# Data listing
*****

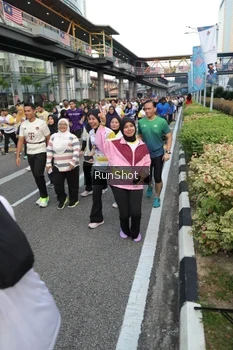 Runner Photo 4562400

*****

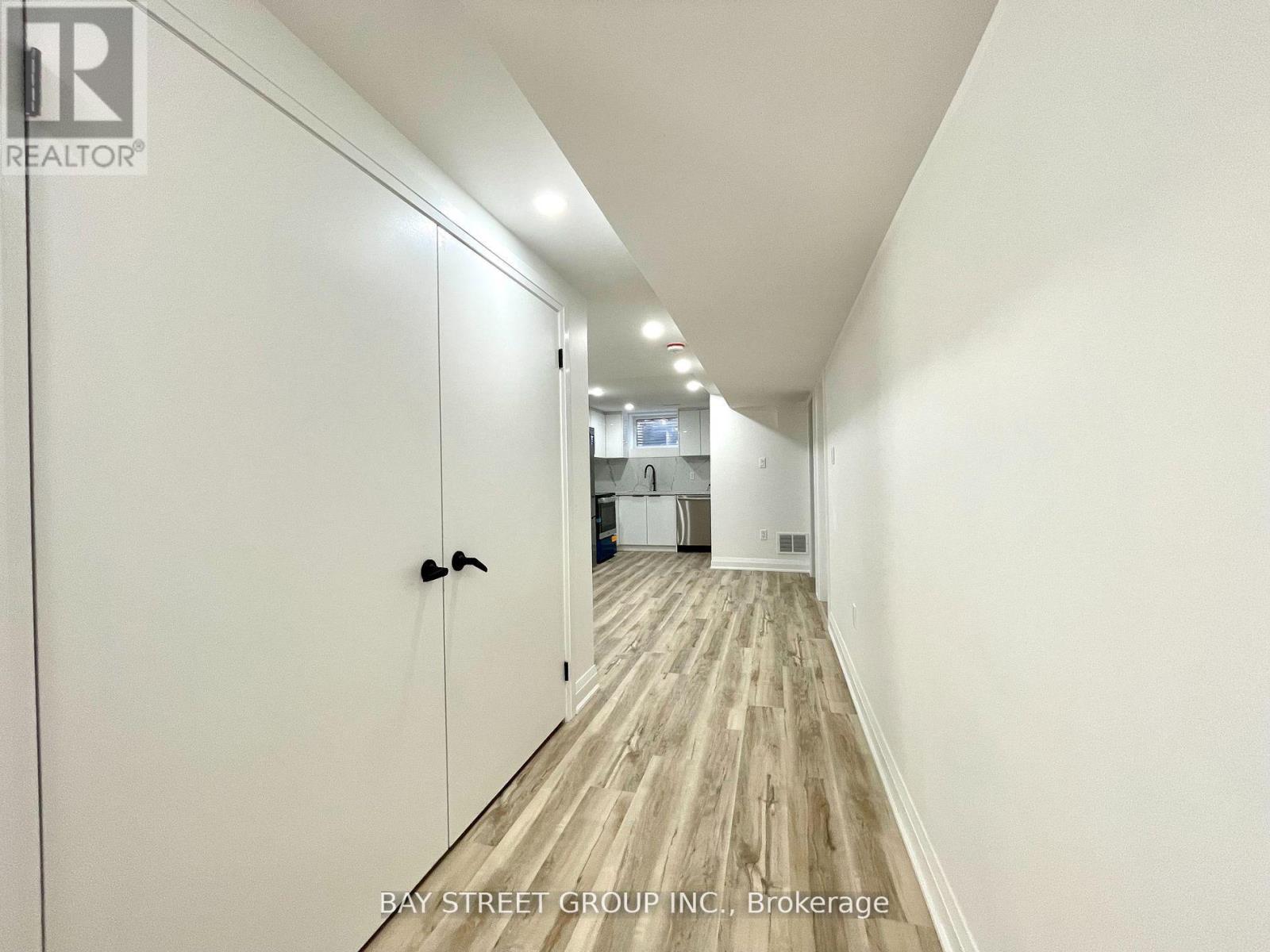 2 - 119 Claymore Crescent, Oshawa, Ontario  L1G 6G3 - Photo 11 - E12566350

*****

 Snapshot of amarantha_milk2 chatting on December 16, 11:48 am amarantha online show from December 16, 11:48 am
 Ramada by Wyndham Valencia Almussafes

*****

# Instructions for the task
Restate word for word the entries above, starting at the line with "Snapshot of amarantha_milk2" and ending at the line with "Ramada by Wyndham Valencia Almussafes", inclusive, and no others.

# Answer to the exercise
 Snapshot of amarantha_milk2 chatting on December 16, 11:48 am amarantha online show from December 16, 11:48 am
 Ramada by Wyndham Valencia Almussafes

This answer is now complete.